The new system allows developers to rent, customize, or integrate remote agents with their own local setups. These agents operate independently while maintaining full transparency, with every decision and action recorded through threads and telemetry inside Coral Studio, giving builders clear oversight of agent behavior.
Remote Agents Go Live Through the Coral Registry
A key feature in Coral V1 is the Coral Registry, a marketplace where developers can publish their agents and automatically receive payouts each time those agents are used. This structure gives contributors direct economic incentives, addressing long-standing challenges around compensation in AI development.
The launch introduces full support for:
- •Agent creation
- •Agent acquisition
- •Agent configuration
- •Secure settlement through Solana-powered on-chain payments
These agents can also work together as specialized teams — a shift from traditional frameworks that treated agents as simple functions. Coral Protocol’s approach allows developers to build systems that more closely resemble real-world organizational workflows, with defined roles, processes, and communication rules.
Coral V1 embodies our vision of an AI ecosystem where specialized agents collaborate to accomplish virtually anything.

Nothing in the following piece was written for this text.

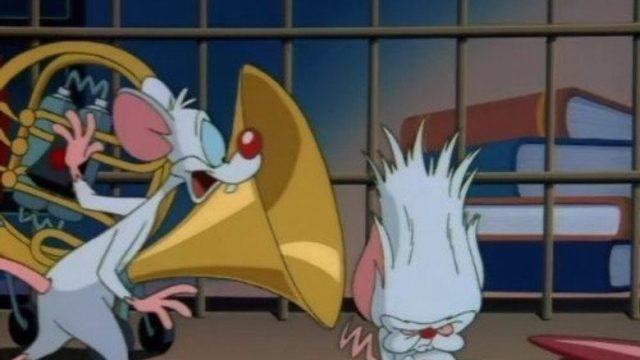 Animaniacs S01E39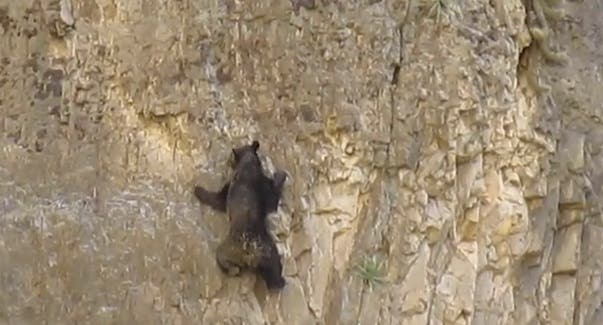 News_RockClimbingBear None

Fixing Long-Standing Problems in Multi-Agent AI
Multi-agent systems have historically been difficult to deploy on-chain due to:
- •High infrastructure overhead
- •Poor interoperability
- •Lack of standardized communication
- •No reliable compensation model for agent creators
Coral V1 addresses these shortcomings by enabling remote agents that operate within a shared framework and can coordinate without developers managing complex back-end infrastructure.
The system differs sharply from platforms like LangChain, which require callable algorithm-style agents. Coral instead allows developers to define interaction rules, letting agents operate more like departments in a business rather than isolated functions.
Performance Milestone and Ecosystem Growth
In August, Coral Protocol drew attention by outperforming Microsoft’s Magnetic UI by 34% on the GAIA benchmark, a rigorous suite that evaluates agents on complex reasoning, research, and real-world tasks. The results placed Coral ahead of several major AI players in agent performance.
CTO Caelum Forder said the results indicate that the “Internet of Agents” is no longer theoretical, encouraging developers to “Coralize” their systems for improved efficiency and lower costs.
The protocol has undergone substantial changes in 2025:
- •A rebrand from Ai23T
- •Launch of the CORAL token on Solana
- •Over 500% token growth since debut (despite being 40% below its ATH)
Coral’s roadmap for late 2025 includes:
- •Session Contracts
- •On-chain task coordination
- •Local Server and Agent Mesh tools for decentralized deployment
Together, these upgrades position Coral Protocol as a leading infrastructure project in the emerging AI-on-blockchain sector.